The process proceeds iteratively (step 47) for any remaining leaf nodes associated with the internal node, that is a message to load the data associated with the current leaf node from local memory is issued as well as a prefetch of data relating to the next leaf node (if any) in advance to local memory, wherein the next leaf node may be based (e.g. selected, or determined) on its relative location in the acceleration data structure, for example, the relative location of the next leaf node to the current leaf node, e.g. the next node in the acceleration data structure to be tested for an intersection with the one or more rays. As the data for the current leaf node was prefetched previously then the data will be available in the local memory so that it can then be determined whether the ray intersects any of the geometry, e.g. primitives, in the current leaf node. The prefetch requests may be queued depending on the number of prefetch requests and/or load requests currently being serviced, or performed, in order to operatively control and manage the fetch/prefetch requests.
In the above example, data for the next leaf (end) node of an internal node was prefetched in advance of performing intersection testing of the next leaf (end) node. Once the data for the final leaf node of the leaf nodes associated with a given internal node has been prefetched, prior to performing an intersection test on the final leaf node with the ray, then the present disclosure may issue a request message, or instruction, to prefetch data associated with a next (further) internal node that will be intersected by the ray.
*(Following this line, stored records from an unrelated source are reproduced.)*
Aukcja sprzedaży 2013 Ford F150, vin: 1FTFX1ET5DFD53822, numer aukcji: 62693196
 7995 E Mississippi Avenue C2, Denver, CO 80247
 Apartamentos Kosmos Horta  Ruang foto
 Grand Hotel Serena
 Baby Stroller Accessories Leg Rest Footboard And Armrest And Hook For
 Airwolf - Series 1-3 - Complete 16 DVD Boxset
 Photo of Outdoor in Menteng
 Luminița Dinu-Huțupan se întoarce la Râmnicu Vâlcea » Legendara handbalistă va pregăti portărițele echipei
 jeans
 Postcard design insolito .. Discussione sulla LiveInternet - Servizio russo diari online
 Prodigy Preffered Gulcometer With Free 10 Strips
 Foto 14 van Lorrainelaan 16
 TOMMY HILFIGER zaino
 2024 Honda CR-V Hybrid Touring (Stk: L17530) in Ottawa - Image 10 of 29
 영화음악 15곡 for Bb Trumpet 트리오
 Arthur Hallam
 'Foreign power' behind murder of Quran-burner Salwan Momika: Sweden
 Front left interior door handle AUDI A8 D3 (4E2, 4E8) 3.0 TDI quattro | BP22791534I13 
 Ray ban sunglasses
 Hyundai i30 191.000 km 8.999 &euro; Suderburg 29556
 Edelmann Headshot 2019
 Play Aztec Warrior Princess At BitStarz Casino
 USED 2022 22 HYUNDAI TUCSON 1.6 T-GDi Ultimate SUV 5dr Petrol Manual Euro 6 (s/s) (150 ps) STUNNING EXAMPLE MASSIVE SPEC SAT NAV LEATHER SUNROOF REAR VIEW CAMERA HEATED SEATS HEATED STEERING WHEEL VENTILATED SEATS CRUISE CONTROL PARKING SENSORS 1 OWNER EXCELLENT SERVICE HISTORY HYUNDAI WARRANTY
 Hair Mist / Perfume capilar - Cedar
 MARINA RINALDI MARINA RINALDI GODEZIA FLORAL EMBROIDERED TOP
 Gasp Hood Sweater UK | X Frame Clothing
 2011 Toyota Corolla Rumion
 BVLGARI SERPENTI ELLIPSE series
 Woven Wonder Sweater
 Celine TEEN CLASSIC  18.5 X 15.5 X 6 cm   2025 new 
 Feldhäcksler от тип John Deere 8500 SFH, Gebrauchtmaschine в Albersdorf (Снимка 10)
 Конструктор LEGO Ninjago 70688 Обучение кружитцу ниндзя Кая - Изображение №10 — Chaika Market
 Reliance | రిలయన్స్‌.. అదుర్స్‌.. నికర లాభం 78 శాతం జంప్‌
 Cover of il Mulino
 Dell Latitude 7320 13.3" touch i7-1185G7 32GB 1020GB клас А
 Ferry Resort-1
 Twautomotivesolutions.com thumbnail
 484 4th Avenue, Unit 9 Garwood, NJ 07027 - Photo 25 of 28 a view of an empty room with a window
The next internal node may be based (e.g. selected, or determined) on its relative location to the current internal node, or current leaf node, e.g. the next internal node in the acceleration data structure, that has been identified, or determined, from the, or a prior, traversal of the acceleration data structure as containing geometry (e.g. one or more leaf nodes) that will be intersected by the one or more rays. Other arrangements are of course possible. The issued request message, or instruction, may be part of, or separate to, the message to load the data from local memory for the last leaf node once the last leaf node becomes the current node. Thus, the data for the next internal node will be available in local memory (e.g. cache) in advance of intersection testing one or more leaf nodes of the next (further) internal node. In embodiments, the next internal node is one that is associated with one or more leaf (end) nodes, that is the next internal node is at a level directly above the leaf nodes, wherein the leaf nodes may be considered to be the deepest, or lowest, level of the acceleration data structure, and as such the next internal node may be considered to be the deepest, or lowest level, minus one. However, other arrangements are of course possible where the next internal node that will be intersected by a ray may be at a higher level in the acceleration data structure.
In the above-described embodiments and examples, only the next node (e.g. leaf (end) node, or internal node) is prefetched in advance. However, other arrangements are possible as the limitation to the number of next node(s) is typically dependent upon the available size of local (cache) memory. Thus, if the local memory is of a sufficient size then any number of further nodes can be prefetched in advance as required and based on the available local (e.g. cache) memory.
The present embodiments relate in particular to the operation of a graphics processor when performing ray tracing-based rendering, e.g. as described above with reference to FIGS. 2 to 4, and in particular to the ray tracing acceleration data structure traversal and geometry intersection (steps 42 to 47 shown in FIG. 4) performed as part of the ray tracing operation.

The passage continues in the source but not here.